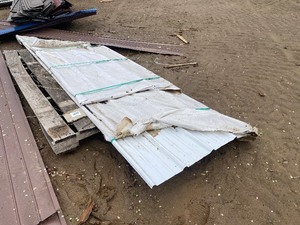 lot 287 image: Galvanized roof panels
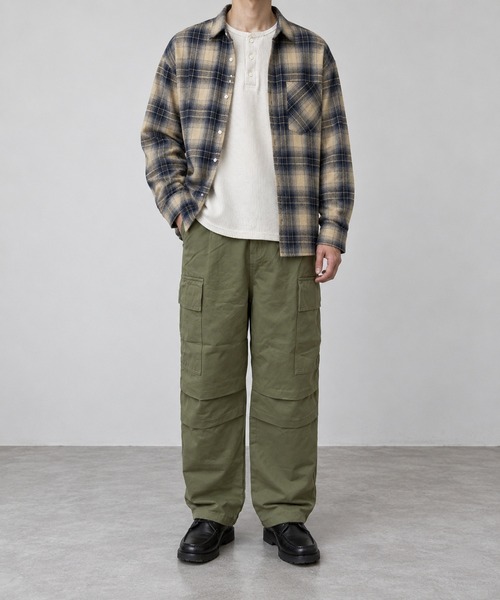 OXA(オグザ)の「ワイドカーゴパンツ OXA(カーゴパンツ・メンズ・カーキ/ブラック・LARGE/MEDIUM)」の12枚目の写真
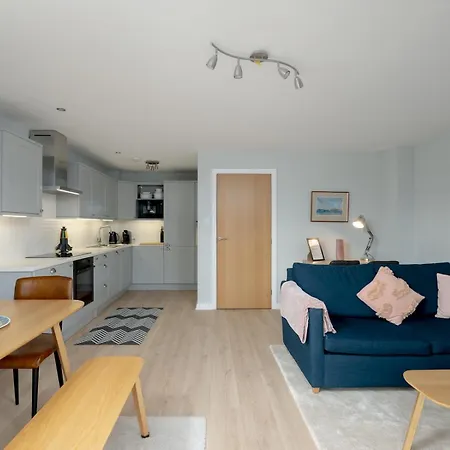 דירה Pass The Keys Spacious Bright Modern Flat *
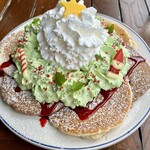 Eggs'n Things - クリスマスリースパンケーキ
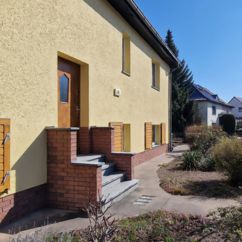 Hauseingangsbereich mit Vorgarten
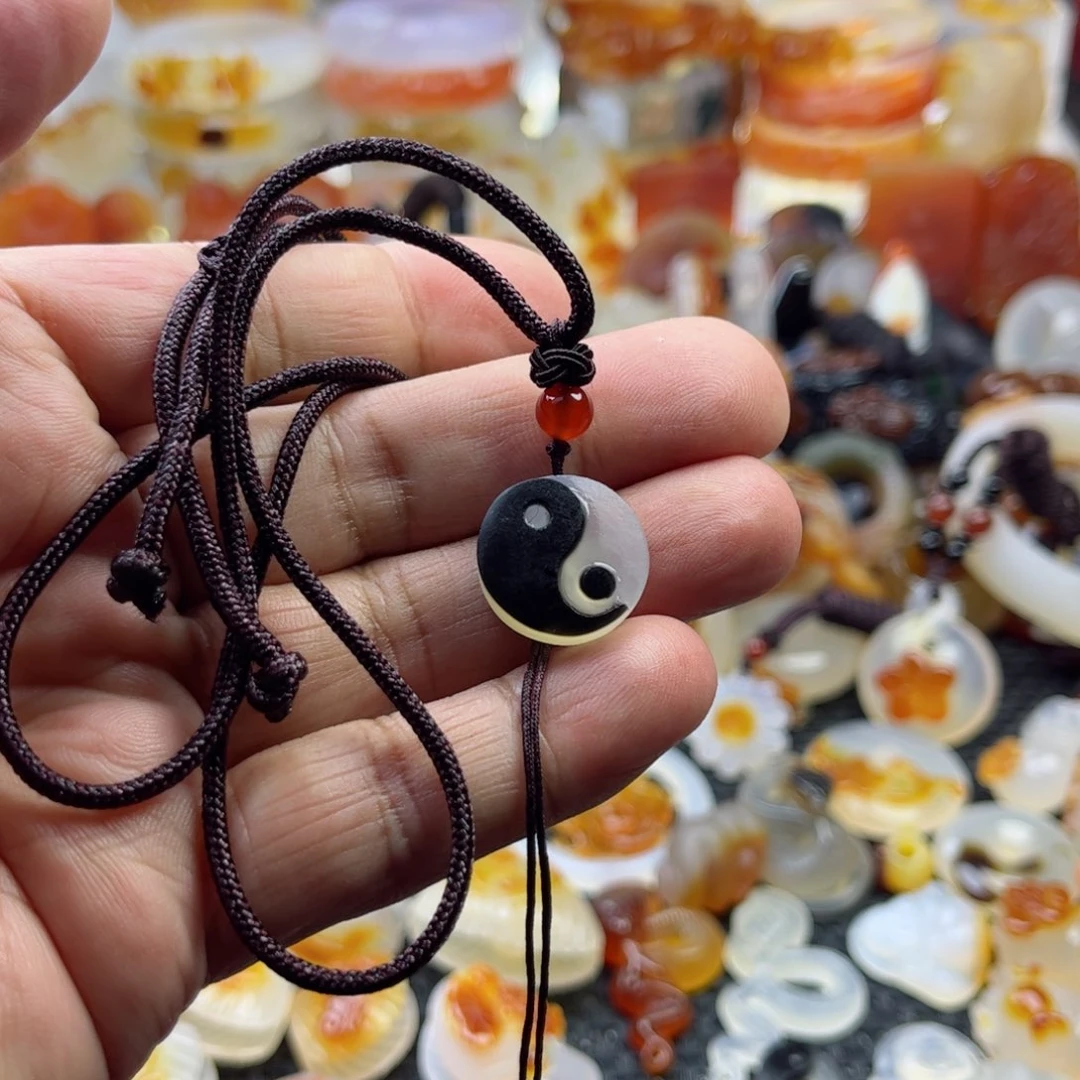 玛瑙/玉髓颈饰未镶嵌小**鹿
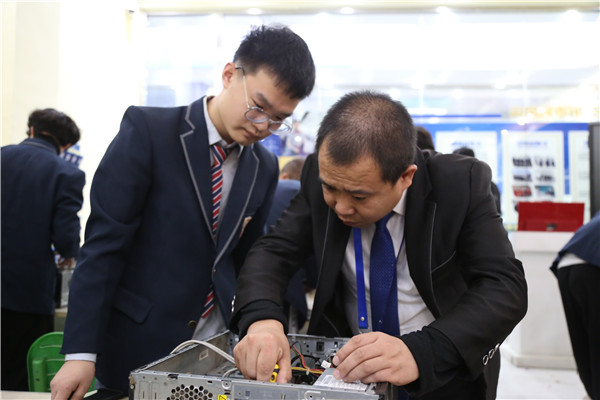 ʯ���f���A��X�WУ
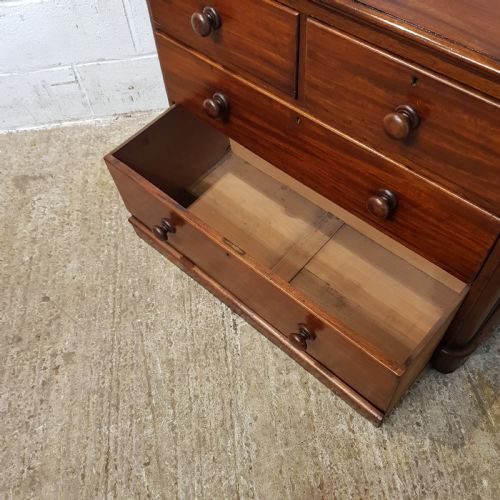 fig 1. AN ANTIQUE VICTORIAN THREE HEIGHT CHEST OF DRAWERS C1880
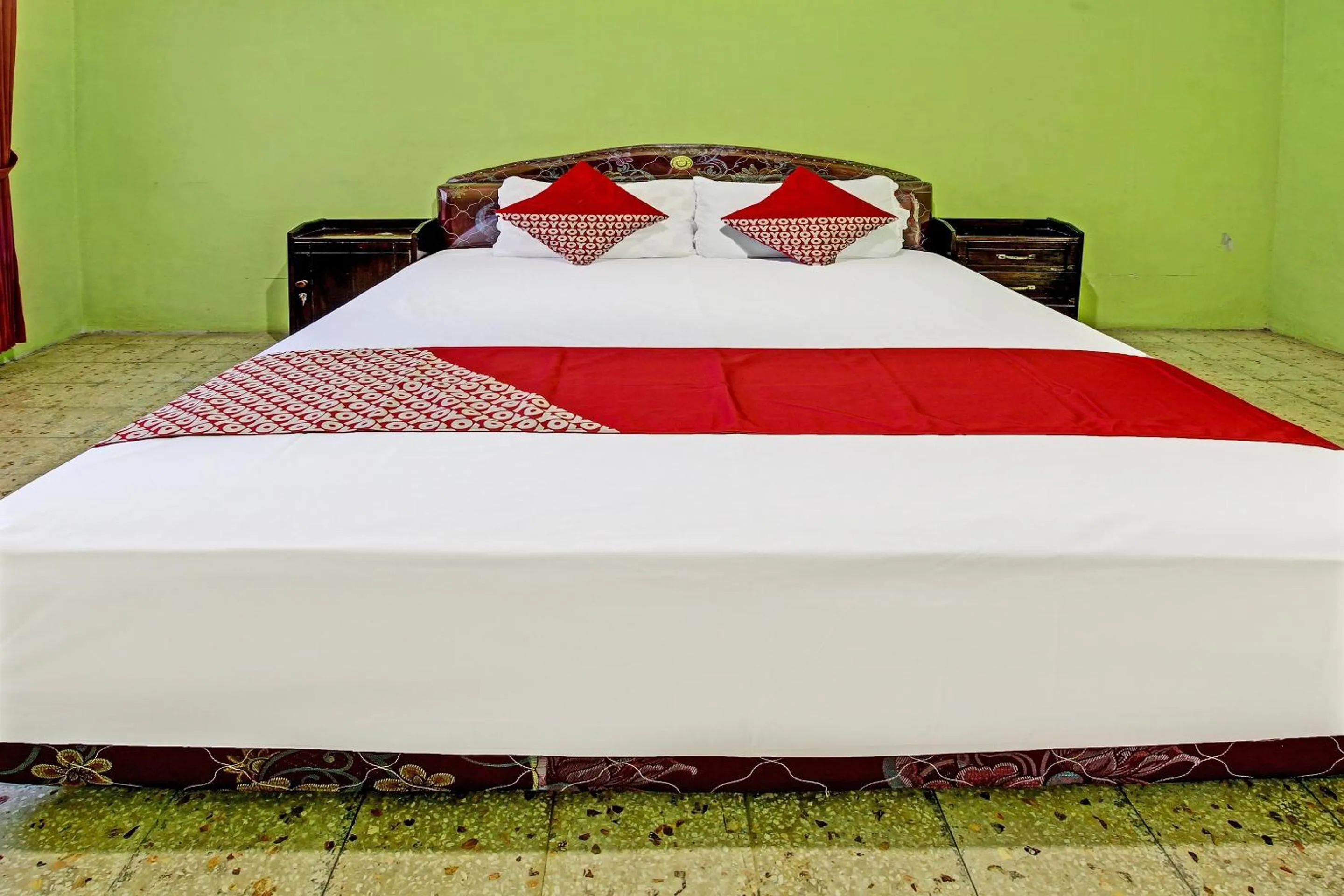 Bedroom, Bed in Hotel O Desa Wisata Pandean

———

#### YOUR GOAL
Omit pictures and output the listing exactly.

#### TASK RESULT
 lot 287 image: Galvanized roof panels
 OXA(オグザ)の「ワイドカーゴパンツ OXA(カーゴパンツ・メンズ・カーキ/ブラック・LARGE/MEDIUM)」の12枚目の写真
 דירה Pass The Keys Spacious Bright Modern Flat *
 Eggs'n Things - クリスマスリースパンケーキ
 Hauseingangsbereich mit Vorgarten
 玛瑙/玉髓颈饰未镶嵌小**鹿
 ʯ���f���A��X�WУ
 fig 1. AN ANTIQUE VICTORIAN THREE HEIGHT CHEST OF DRAWERS C1880
 Bedroom, Bed in Hotel O Desa Wisata Pandean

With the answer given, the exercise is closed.